By trying to bomb Hezbollah into submission, however, Israel could create a situation in Lebanon that will undercut its stated goals.
The rising civilian deaths -- well over 200 Lebanese have been killed in Israeli bombardment -- could persuade Lebanese citizens to rally around Hezbollah, increasing the influence of the Shia organization and in turn weakening the new government, which came to power in the wake of the end of Syria's occupation of Lebanon.
Israeli leaders, however, insist they will not accept the situation that existed on the country's northern border on the eve of the fighting, when Hezbollah fighters took up positions along the border and Iran and Syria freely supplied the organization with thousands of missiles, some of them long-range, that were then deployed in south Lebanon, facing Israel.
As a condition for a ceasefire, the Haaretz daily reported Tuesday, Israel will demand disarmament arrangements that will prevent Hezbollah from renewing its military capability once the fighting subsides.
Defense Minister Amir Peretz said Monday that the Israeli army was levelling a one kilometre-wide strip on the Lebanese side of the border to ensure that militants could not approach the border.
But Israeli leaders, who also fear that the Shia organization will use a ceasefire to rearm, don't believe such a narrow strip will suffice. It will not prevent Hezbollah, they point out, from deploying long-range missiles and Katyusha rockets deeper inside Lebanon. "Israel will not agree," Olmert said in his address, "to live in the shadow of the missile threat to its citizens."

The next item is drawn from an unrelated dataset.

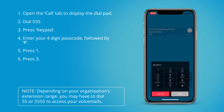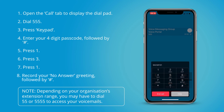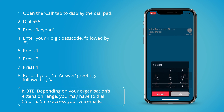To record a new no answer greeting press 1. Please start recording after the tone. To end recording press hash. Hi, I'm currently unavailable, please leave a message and I'll get back to you as soon as I can.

Twelve Israeli civilians have been killed and over 100 injured so far in Hezbollah rocket attacks on northern Israel, with the deadliest hit Sunday in the northern port city of Haifa -- Israel's third-largest city with 270,000 residents -- when the Shia organization for the first time used its long-range missiles with devastating effect. Eight workers at an Israel Railways depot were killed when a Syrian-produced rocket ploughed through the roof of the depot and slammed into them.
Hezbollah has fired over 1,000 rockets since the fighting started, some of which have hit Israeli towns south of Haifa, about 50 km inside Israel. Military officials say the organization has Iranian-made rockets that can reach Tel Aviv and beyond, and that several of these -- known as the "Zilzal" -- were destroyed Monday in an Israeli air strike on Beirut.
But Israel's military officials believe that Hezbollah still possesses thousands of rockets. They estimate that about half of the organization's rocket stockpiles have been destroyed in air strikes, and their aim is to destroy as many of these as possible before the military offensive winds up.
With the diplomatic push gaining momentum, government officials believe that pressure will mount on Jerusalem to end its bombing campaign in Lebanon soon. While the United States has given Israel strong backing -- the Americans are anxious to weaken Hezbollah, which is backed by Syria and Iran -- Israeli officials believe that Bush won't be able to ignore diplomatic pressure from Europe and that the offensive will likely end by the weekend.
At home, Olmert is enjoying broad public support, as well as rare backing from Israel's usually fractious parliament. The only dissenting voices are those of Arab lawmakers, who have strongly criticized Israel's military response.
Yossi Beilin, the architect of the Oslo accords with the Palestinians and a veteran peace campaigner, has also backed the military offensive. "We withdrew to the last centimetre and they (Hezbollah) armed themselves," he said, referring to Israel's May 2000 withdrawal from Lebanon to the UN-delineated border.
But Beilin has also been arguing that Israel cannot achieve its goals in Lebanon by military means alone. "We have to negotiate over a ceasefire via a third party," he said. "That doesn't mean the operation has to be stopped, but we have to reach a package deal that will see us achieve the aims (of the military operation) -- the release of the captured soldiers and the distancing of Hezbollah from southern Lebanon."